THE PROBLEM:
Could you print the lines below exactly, from the one holding "925 Lakefront Village" through the last line, with no other output?

Scraped caption text data:
>>>>
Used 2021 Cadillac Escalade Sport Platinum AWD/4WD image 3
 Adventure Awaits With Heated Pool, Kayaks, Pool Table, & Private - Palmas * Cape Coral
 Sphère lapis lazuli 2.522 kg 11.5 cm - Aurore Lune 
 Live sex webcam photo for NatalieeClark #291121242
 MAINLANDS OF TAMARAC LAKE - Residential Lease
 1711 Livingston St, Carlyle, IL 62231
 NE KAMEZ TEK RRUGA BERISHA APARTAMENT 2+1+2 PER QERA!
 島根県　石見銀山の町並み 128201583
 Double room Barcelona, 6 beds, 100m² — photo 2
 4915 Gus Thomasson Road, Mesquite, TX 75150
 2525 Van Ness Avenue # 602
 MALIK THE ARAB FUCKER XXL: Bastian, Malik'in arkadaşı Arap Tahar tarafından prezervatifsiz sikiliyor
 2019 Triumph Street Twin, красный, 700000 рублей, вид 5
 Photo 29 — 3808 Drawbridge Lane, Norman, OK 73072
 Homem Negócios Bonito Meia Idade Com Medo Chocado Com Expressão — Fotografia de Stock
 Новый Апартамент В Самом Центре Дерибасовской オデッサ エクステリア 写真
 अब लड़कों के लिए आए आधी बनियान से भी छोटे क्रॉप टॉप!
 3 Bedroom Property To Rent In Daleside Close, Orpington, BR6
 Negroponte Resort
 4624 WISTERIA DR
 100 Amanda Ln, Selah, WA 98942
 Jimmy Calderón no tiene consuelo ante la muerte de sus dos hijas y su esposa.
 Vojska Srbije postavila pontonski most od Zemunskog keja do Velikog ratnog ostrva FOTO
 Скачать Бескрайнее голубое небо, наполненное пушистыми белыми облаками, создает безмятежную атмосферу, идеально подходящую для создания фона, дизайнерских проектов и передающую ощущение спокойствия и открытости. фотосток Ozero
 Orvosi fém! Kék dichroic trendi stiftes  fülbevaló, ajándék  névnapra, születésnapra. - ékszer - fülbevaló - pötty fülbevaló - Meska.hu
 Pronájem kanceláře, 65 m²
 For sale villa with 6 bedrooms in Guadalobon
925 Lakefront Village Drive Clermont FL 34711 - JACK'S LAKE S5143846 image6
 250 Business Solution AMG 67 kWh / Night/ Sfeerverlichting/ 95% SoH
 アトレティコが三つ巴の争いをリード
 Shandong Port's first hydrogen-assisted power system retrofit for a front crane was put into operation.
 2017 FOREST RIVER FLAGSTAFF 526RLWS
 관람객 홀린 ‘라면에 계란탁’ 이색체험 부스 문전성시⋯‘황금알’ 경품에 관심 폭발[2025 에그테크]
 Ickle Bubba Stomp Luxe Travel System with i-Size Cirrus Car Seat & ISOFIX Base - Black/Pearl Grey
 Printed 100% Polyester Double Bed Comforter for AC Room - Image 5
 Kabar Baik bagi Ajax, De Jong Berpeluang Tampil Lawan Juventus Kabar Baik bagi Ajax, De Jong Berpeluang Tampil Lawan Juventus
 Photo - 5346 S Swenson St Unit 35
<<<<
FINISHED TASK:
925 Lakefront Village Drive Clermont FL 34711 - JACK'S LAKE S5143846 image6
 250 Business Solution AMG 67 kWh / Night/ Sfeerverlichting/ 95% SoH
 アトレティコが三つ巴の争いをリード
 Shandong Port's first hydrogen-assisted power system retrofit for a front crane was put into operation.
 2017 FOREST RIVER FLAGSTAFF 526RLWS
 관람객 홀린 ‘라면에 계란탁’ 이색체험 부스 문전성시⋯‘황금알’ 경품에 관심 폭발[2025 에그테크]
 Ickle Bubba Stomp Luxe Travel System with i-Size Cirrus Car Seat & ISOFIX Base - Black/Pearl Grey
 Printed 100% Polyester Double Bed Comforter for AC Room - Image 5
 Kabar Baik bagi Ajax, De Jong Berpeluang Tampil Lawan Juventus Kabar Baik bagi Ajax, De Jong Berpeluang Tampil Lawan Juventus
 Photo - 5346 S Swenson St Unit 35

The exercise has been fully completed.